İkisi de çok başarılı arkadaşlar. Ama onlara açılan krediler bana açılmış olsaydı ben herhalde sadece Türkiye'de değil birkaç ülkede de programı yayınlanan birisi olurdum. Bu size açılan krediyle ilgili bir şey. Bir medya grubunun arkanızda durmasıyla ilgili. Ben hep tek başımaydım. Bir iki kişi kotardık o programları. Okan da Beyaz da 50 kişilik ekiplerle çalışıyor. Terini silen, suyunu getiren adamları var. Onlar doğrusunu yapıyor. Keşke bir televizyon kanalı bana da öyle bir kredi açsaydı o zaman baksaydık ne yapıyoruz ne yapamıyoruz diye. O nedenle bu anlamda köken itibarıyla muhafazakâr kesimden gelmiş olmanın bedelini çok ödedim. Bundan dolayı mutsuz değilim. Çünkü ben öyle biriyim zaten. Bir gün ben bir dakika muhafazakârlıktan vazgeçtim, beni de aranıza alın demedim, demem de. O yüzden televizyon anlamında yaptığımız işler böyle olmaya mahkumdu.
Sahne işleri için muhafazakâr olmak bir handikap mı?
Handikap değil ama yaptığınız işlerde belli sınırlarınızvar. Hem kendini lanse edebilmen için giremeyeceğin alanlar var. Basın öyle bir alan. Senin basına malzeme vermen lazım ki gündemde olasın. Gece kulüplerine gidersen haber olursun. İkincisi, ortalama bir hayatın var, rengin yok. Üçüncüsü, senin sahnede sattığın şey edepli bir şey. Güldürürken de hüzünlendirirken de edepli. Senin tercihin bu. Sen bir kere sanatçı kimliğinden önce diyorsun ki "Ben öleceğim ve Rabb'ime hesap vereceğim." Ona göre iş ortaya koyuyorsun.
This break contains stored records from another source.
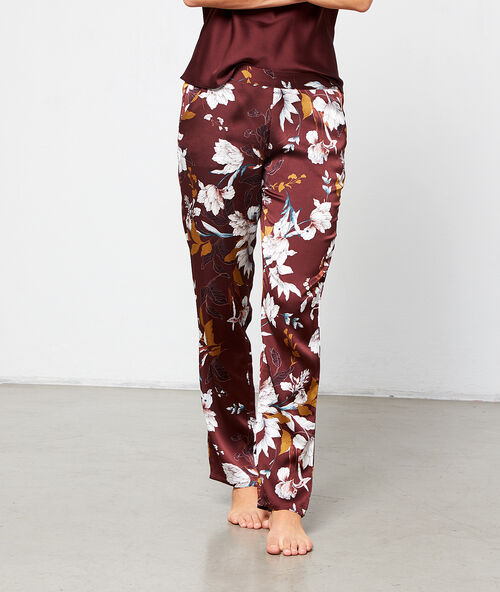 Pyjama 3 pièces satiné marron.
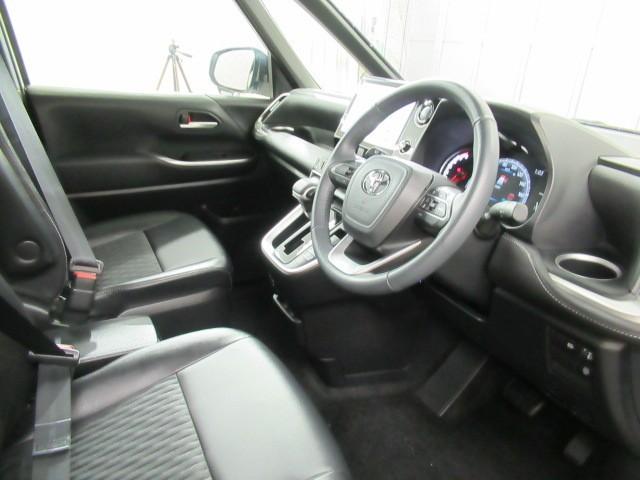 ノア S-Z アルミホイール デュアルエアコン クルーズコントロール 盗難防止装置 LEDライト 両側自動ドア メモリーナビ キーレス 横滑り防止 ナビTV ワンオーナー 三列シート DVD再生 スマートキー(8枚目)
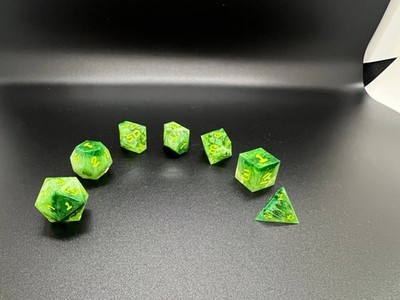 Slime - Handmade 7 Piece Resin RPG D&D 5e Polyhedral Sharp Edge Dice Set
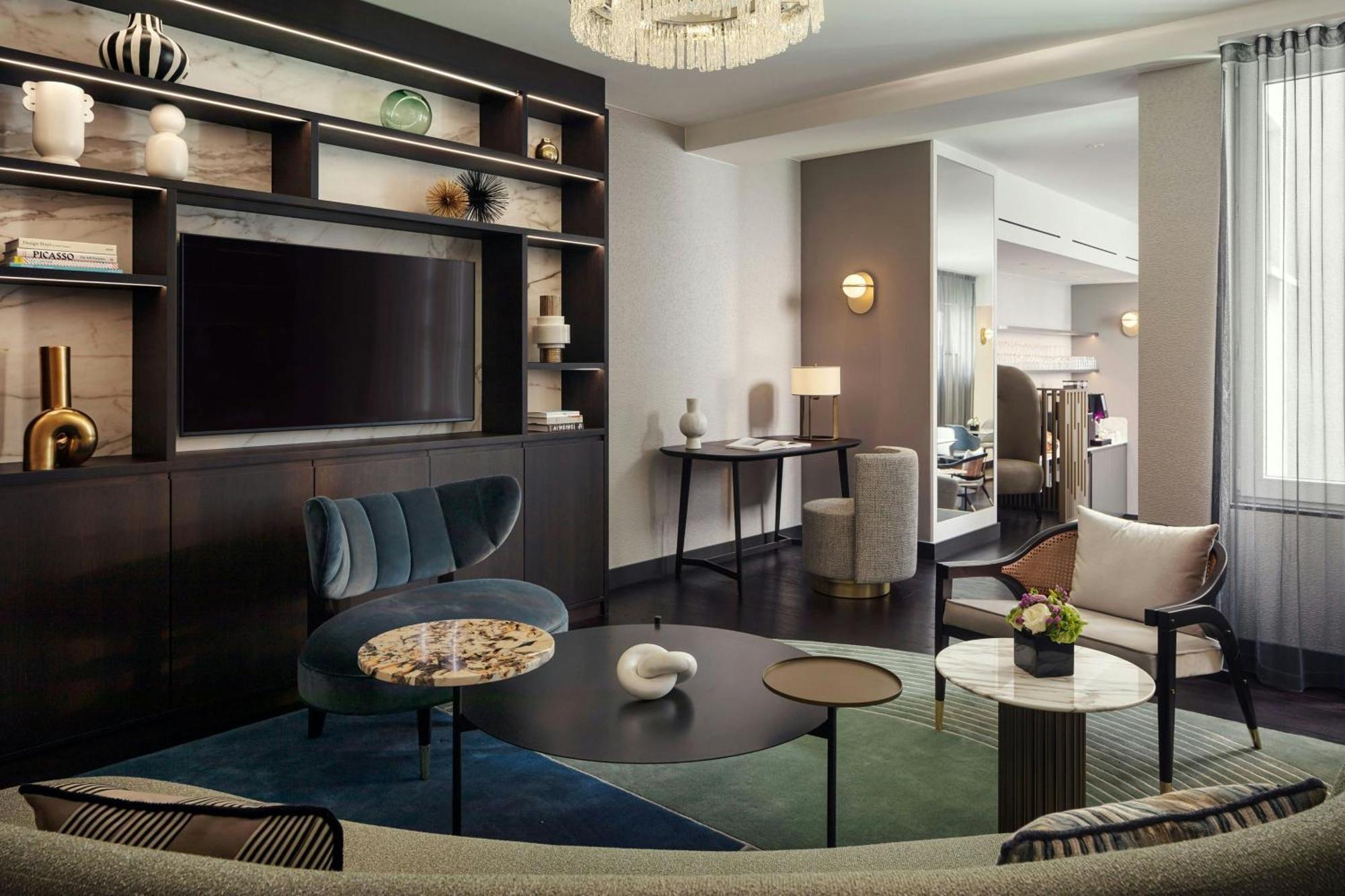 Family Junior Suite M Club Lounge Access
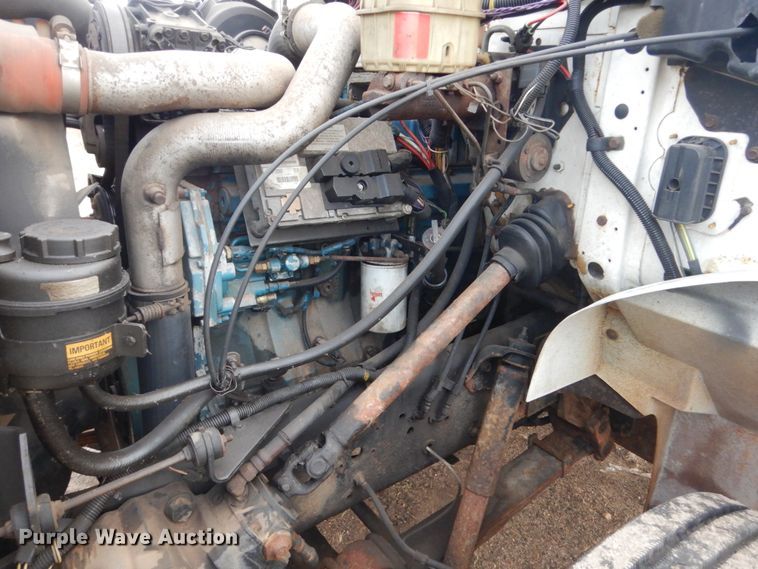 image for item HU9813 2000 International 4700  dump flatbed truck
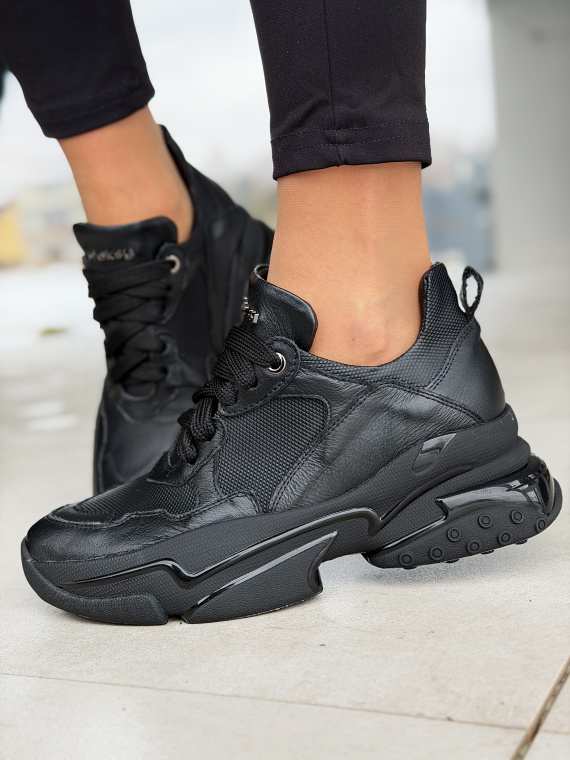 Czarne sneakersy skórzane damskie OLEKSY casual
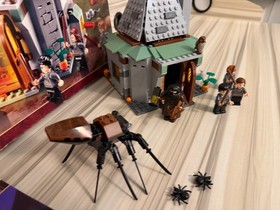 2010 LEGO HARRY POTTER HAGRID&rsquo;S HUT LEGO SET 4738 WITH BOX - 100% COMPLETE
Bütün bu işlere rağmen İbrahim Sadri "iyi şiir okuyan, yorumlayan adam" olarak bilinir. Neden öyle?
Ben yaptığım tüm işlerde radyo olsun, televizyon olsun, tiyatro olsun hepsinin içinde şiire yer ayırıyordum zaten. Ama 1990'lardan itibaren şiir albümleri yapmaya başladım. Ünlü şairlerin şiirlerini seslendiriyordum. Kendi şiirlerimi de okuyordum bu albümlerde. Bu kasetler yoluyla bir hayran kitlesi oluşmaya başladı. 1998 yılında "Adam Gibi" albümünü yapana kadar meraklısına giden işlerdi onlar.
"Adam Gibi"yle ne değişti hayatınızda?
Orada başka bir şey denedik. Şiirlerin içine şarkılı bölümler koyduk. Biraz daha aşk ve hasret konseptini öne çıkaran şiirler okuduk. O albüm 2 milyon tiraja ulaştı. Bir anda ben başka bir dünya ile karşılaştım. Ünlü biri olmuştum. Evet beni tanıyan seven insanlar vardı ama ünlü biri değildim. Birdenbire sokağa çıktığımda insanların bana baktıklarını fark ettim ve ürktüm. Zor bir tecrübeydi...
Nasıl zor bir tecrübeydi?
Ben her zaman inancı, istikameti olan bir adamdım. Ve bu duruşumdan, düşüncemden hiçbir zaman vazgeçmedim. Fakat çok ciddi karalama kampanyaları ve bir sürü çelmeyle karşılaştım. Sıkıntılı bir dönemdir o.
Ne gibi sıkıntılar?
Bazı medya gruplarında yalan yanlış haberler çıktı hakkımda. Radyolarına, televizyonlarına çıkarmadılar.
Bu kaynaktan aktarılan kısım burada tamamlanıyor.